Feeling like im burning myself out knowingly and yet cant do anything against it….

Hello there mentalhealth community,
I just hit another low…

Bit about me?
Im autistic and awaiting to get diagnosed with adhd on top of it. According to my therapist id be the book example of add (not the hyperactive kind) but he isnt allowed to diagnose me.
Currently doing my first year of my nursing bachelor (2nd education) ane technically loving it…
the only problem?
The studying. Im struggling to focus or even just pay attention in class. I can read a sentence 10x and still cant process what ive read… it makes me feel so incapable and insanely stupid, besides knowing that i scored high on the iq testing 😭 it feels like my brain is absolutely wirking against me lately and just keeps trying to sabotage me in all my efforts.
Im scared of the semester finals that are next week and feel like im gonna fail them even though im trying my best to study for them…

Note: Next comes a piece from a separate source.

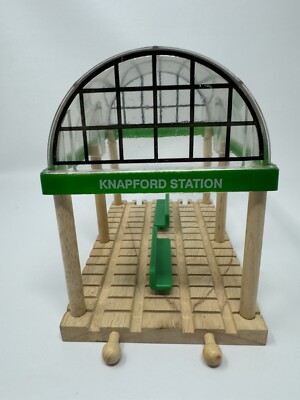 KNAPFORD STATION 6-post 1997 Thomas Train Wooden Railway Clickity-Clack Track
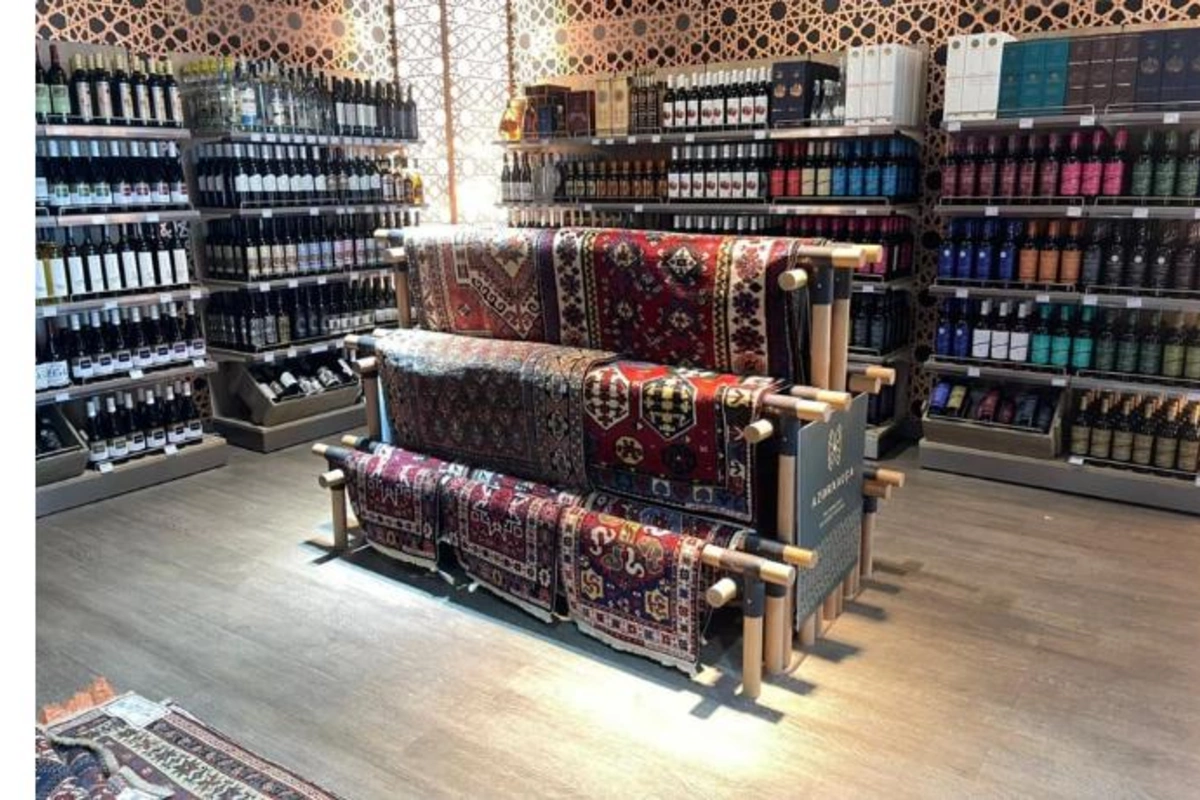 Azərbaycana gələn turistlər öz ölkəsinə xalça ilə qayıdacaq — FOTO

On top of that my work bestie got burnout so i kinda had to keep an eye on her as she wasnt in a good place and still isnt doing greatly. So if she calls im basically gonna drop what im doing because i never know whats up.

Due to the nursing degree being a 100% study and only being able to work occassionally i had to move back home after living on my own during the week (distance whise it only made sense to return on the weekends and i lowkey enjoyed being on my own)
The returing def took an adjustment and im back in the old scheme of hiding in my room… my family doesnt really understand how my diagnosis affects my life and why i struggle with “normal” tasks..
On top of that my parents marriage is disfunctional since years… they have very different ideas of life and are basically not talking anymore… but my mom has a habbit of leaving her mental load regarding that with me… like shed complain about stuff and id tell her how to fix it but she just ignores that and complains about the same bs every time.
Im rather sick of it but also cant really escape as i still have 2 more years in my degree left…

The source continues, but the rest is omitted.